I ran this code and have an error.
import pandas as pd
from pyspark.sql import SparkSession
spark = SparkSession.builder.\
config("spark.jars.repositories", "https://repos.spark-packages.org/").\
config("spark.jars.packages", "saurfang:spark-sas7bdat:2.0.0-s_2.11,org.apache.hadoop:hadoop-aws:2.7.0").\
enableHiveSupport().getOrCreate()
df_spark_temp = spark.read.format('com.github.saurfang.sas.spark').load('18-83510-I94-Data-2016/i94_apr16_sub.sas7bdat')
df_spark_temp.limit(5).toPandas().show()
py4j.protocol.Py4JJavaError: An error occurred while calling o34.load.
: java.lang.NoClassDefFoundError: scala/Product$class
at com.github.saurfang.sas.spark.SasRelation.<init>(SasRelation.scala:48)
at com.github.saurfang.sas.spark.SasRelation$.apply(SasRelation.scala:42)
at com.github.saurfang.sas.spark.DefaultSource.createRelation(DefaultSource.scala:50)
at com.github.saurfang.sas.spark.DefaultSource.createRelation(DefaultSource.scala:39)
at com.github.saurfang.sas.spark.DefaultSource.createRelation(DefaultSource.scala:27)
at org.apache.spark.sql.execution.datasources.DataSource.resolveRelation(DataSource.scala:350)

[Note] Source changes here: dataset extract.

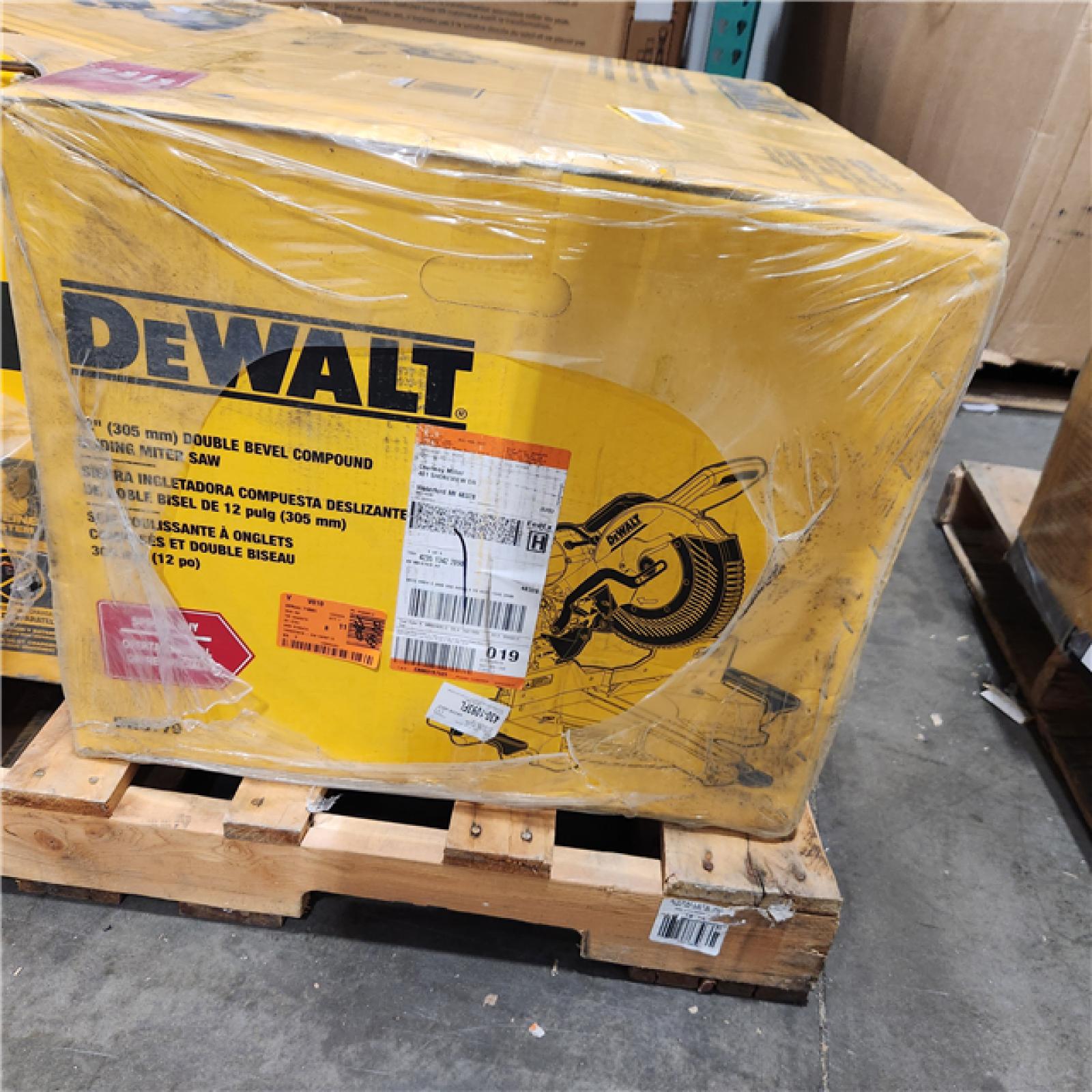 Dallas Location - NEW-  DEWALT 15 Amp Corded 12 in. Double Bevel Sliding Compound Miter Saw, Blade Wrench and Material Clamp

at org.apache.spark.sql.DataFrameReader.loadV1Source(DataFrameReader.scala:228)
at org.apache.spark.sql.DataFrameReader.$anonfun$load$2(DataFrameReader.scala:210)
at scala.Option.getOrElse(Option.scala:189)
at org.apache.spark.sql.DataFrameReader.load(DataFrameReader.scala:210)
at org.apache.spark.sql.DataFrameReader.load(DataFrameReader.scala:185)
at java.base/jdk.internal.reflect.NativeMethodAccessorImpl.invoke0(Native Method)
at java.base/jdk.internal.reflect.NativeMethodAccessorImpl.invoke(NativeMethodAccessorImpl.java:77)
at java.base/jdk.internal.reflect.DelegatingMethodAccessorImpl.invoke(DelegatingMethodAccessorImpl.java:43)
at java.base/java.lang.reflect.Method.invoke(Method.java:568)
at py4j.reflection.MethodInvoker.invoke(MethodInvoker.java:244)
at py4j.reflection.ReflectionEngine.invoke(ReflectionEngine.java:357)
at py4j.Gateway.invoke(Gateway.java:282)
at py4j.commands.AbstractCommand.invokeMethod(AbstractCommand.java:132)
at py4j.commands.CallCommand.execute(CallCommand.java:79)
at py4j.ClientServerConnection.waitForCommands(ClientServerConnection.java:182)
at py4j.ClientServerConnection.run(ClientServerConnection.java:106)
at java.base/java.lang.Thread.run(Thread.java:833)
Caused by: java.lang.ClassNotFoundException: scala.Product$class
at java.base/java.net.URLClassLoader.findClass(URLClassLoader.java:445)
at java.base/java.lang.ClassLoader.loadClass(ClassLoader.java:587)
at java.base/java.lang.ClassLoader.loadClass(ClassLoader.java:520)
... 23 more
Python version: 3.9.6
JAVA version: 17.0.4.1
Pyspark version: 3.3
I searched for same issues in stack overflow, and most of them said it is may because the scala version.
I haven't installed scala before, do I need to install scala or I can change the setting in JAVA?
And I type PySpark --version and it shows
____ __
/ __/__ ___ _____/ /__
_\ \/ _ \/ _ `/ __/ '_/
/___/ .__/\_,_/_/ /_/\_\ version 3.3.0
/_/
Using Scala version 2.12.15, Java HotSpot(TM) 64-Bit Server VM, 17.0.4.1
Does it mean I need to install scala version 2.12.15 or I already have installed?
CodePudding user response:
All libraries must be compiled for the same Scala version you are running with.
I'm not familiar with PySpark but I see that at least spark-sas7bdat:2.0.0-s_2.11
seems to be compiled for Scala 2.11 given its version number.
If you're running with Scala 2.12, look for using spark-sas7bdat:3.0.0-s_2.12
instead.
Personal note: this library seems to not be maintained at all, consider using another one if that's for production code.